彼女がいなかったらユツギと二人きりだったと思うと、ヒノメさまと呼びたくなる。
「話の腰を折ってごめん。続けて」
ヒノメはにっこり笑って頷いた。
「はい。実は双葉姫のお父上、ここでは恐れ多くもナギさまとお呼びしますが、ナギさまもまたヒトではございません。かつては南方の海域を治める神人の尊き一柱であらせられました」
『旅の人』と呼ばれていた、どこの世界の人とも知れなかったナギ。
人間ではないという話には、何だか、すとんと納得した。
「ナギさまが神人としての立場をお捨てになり、ヒトの世である常世にお移りになったのは九年ほど昔。きっかけは、双葉姫のお母上、十枝さまとの出会いでございました」
思い当たる節があって、うつむくようにして頷いた。
※ ※ ※
ちょうど九年前、小学生のころに、十枝も行方不明になったことがある。
当時は洋裁師として独立し、勤めていた工房を辞めたばかり。少し時間もできたし、心機一転の門出だからと、十枝の発案で母娘水入らずの旅行をしたときの出来事だ。

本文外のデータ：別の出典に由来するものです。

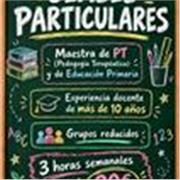 Clases de refuerzo en Primaria con especialista en Pedagogía Terapéutica 📚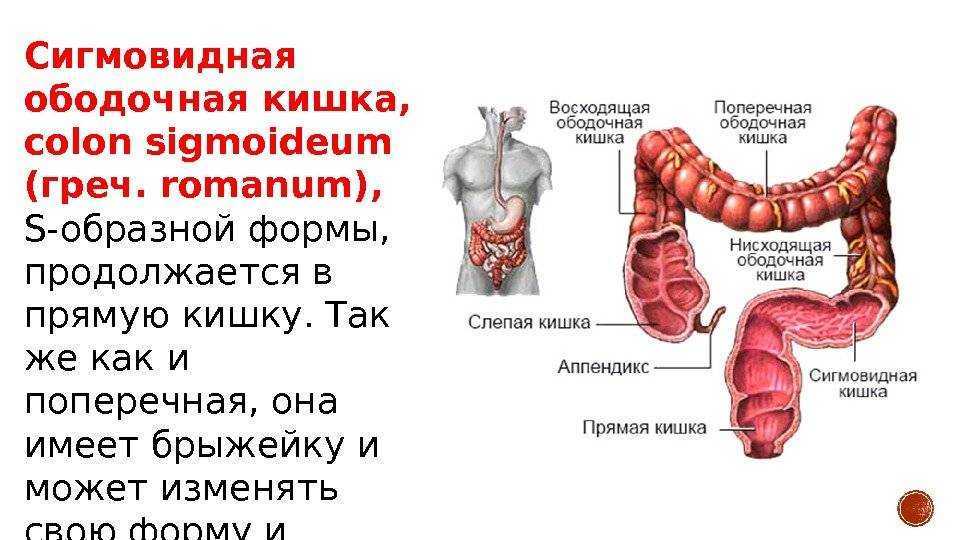 Схема лечения сигмоидита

訪れたのは湾岸の観光地。あちこちで写真を撮り、ご当地B級グルメをつつき合って、楽しい思い出をたくさん作った。そうして旅の締めくくりにと、フェリーで近隣の島々を巡るツアーに参加した。
船に乗ったことがない八花は気が進まなかったが、『度胸試し』と十枝がにんまり笑ってチケットを買った。だから怖いのを我慢して一緒に乗船したのだ。

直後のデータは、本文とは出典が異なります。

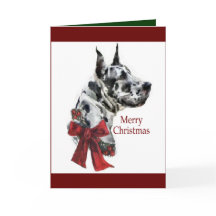 Harlequin Great Dane Weihnachtsgeschenk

本来ならば、風光明媚な数時間ばかりの船旅になるはずだった。
けれど、突然の時化とエンジンの故障に見舞われ、風雨の中をボートで救出される事態になってしまう。
混乱の中で十枝と離ればなれになったものの、無事に港へ帰ってこれた。
そうして他の客たちと避難所で待機していたが、皆が次々に家族や友人たちと合流する中、八花は最後まで一人だった。

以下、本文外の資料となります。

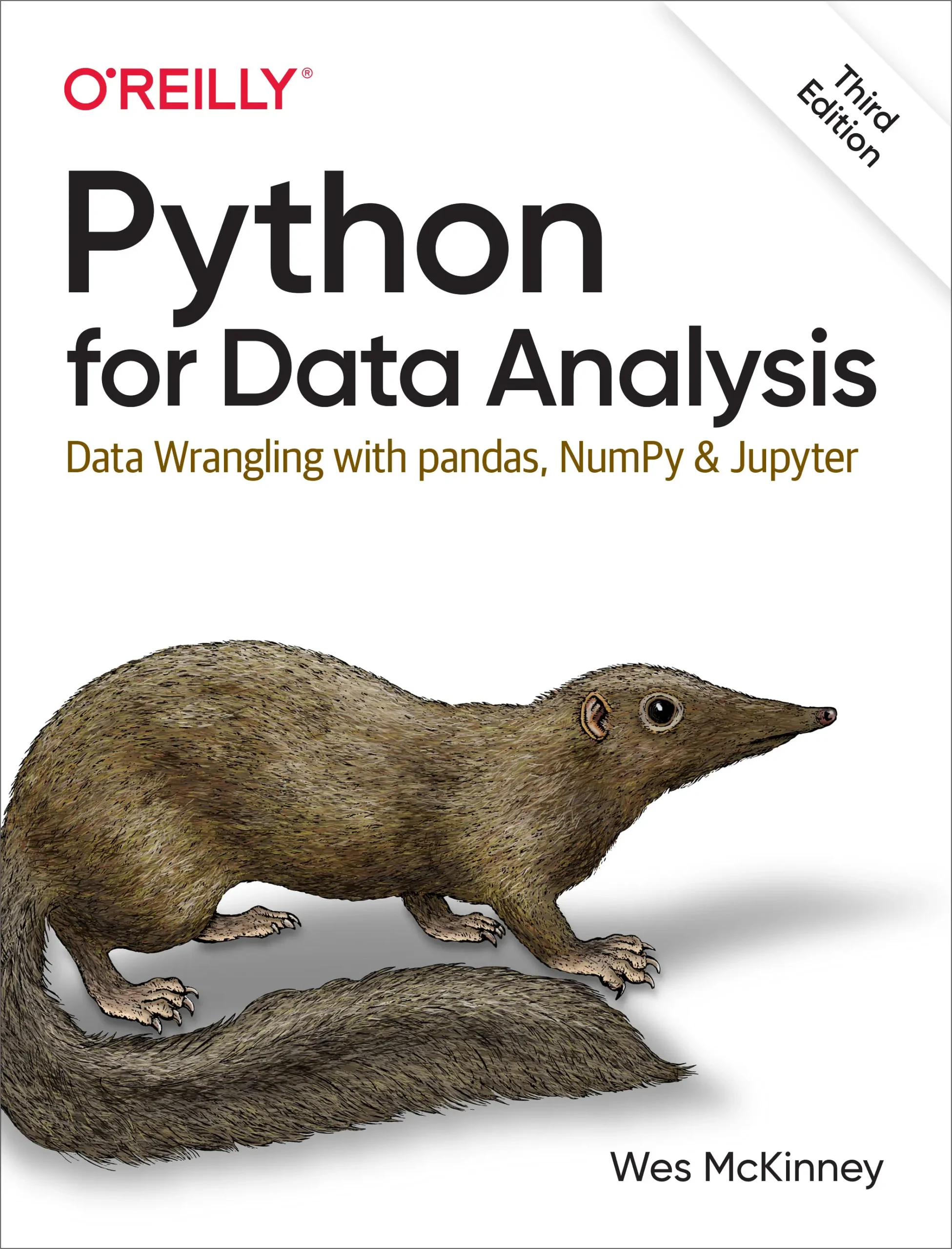 cover (2) Python for Data Analysis By Wes McKinney - Image 1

日没まで待っても、なぜか十枝だけが戻ってこなかったのだ。
※ ※ ※
「このとき十枝さまは海中に転落し、お亡くなりになるはずでした。しかし、強運にも半死半生の状態で、神域、つまり我々の世界に迷いこんでいらっしゃった」
このような迷い人は昔からまま見つかるのだとヒノメは言う。
「そんな十枝さまを発見したのがナギさまです。ナギさまの介抱で十枝さまは快癒し、やがて常世へお戻りになることを決意なさった。それを手助けする形で、ナギさまも一緒に神域をお出になったのでございます」
ヒノメの話を聞きながら、八花は視界が狭くなっていくような錯覚に陥っていた。
そうなのだ。
消息不明だった十枝は、一カ月も経ってから、けろっとした顔で不吹村に帰ってきた。
事故の海域からだいぶ離れた場所で救助されたが、軽い記憶障害を起こして身元も分からずにいたため、親切な人のもとで療養していた、と教えてもらった。
当然のこと村は大騒ぎだ。帰還を祝う宴会が賑やかに行われる中、八花は十枝から、見るからに異分子と分かる綺麗な青年を紹介された。
『実はな、うち再婚することにしてん』
と、ちょっと照れくさそうに付け加えて。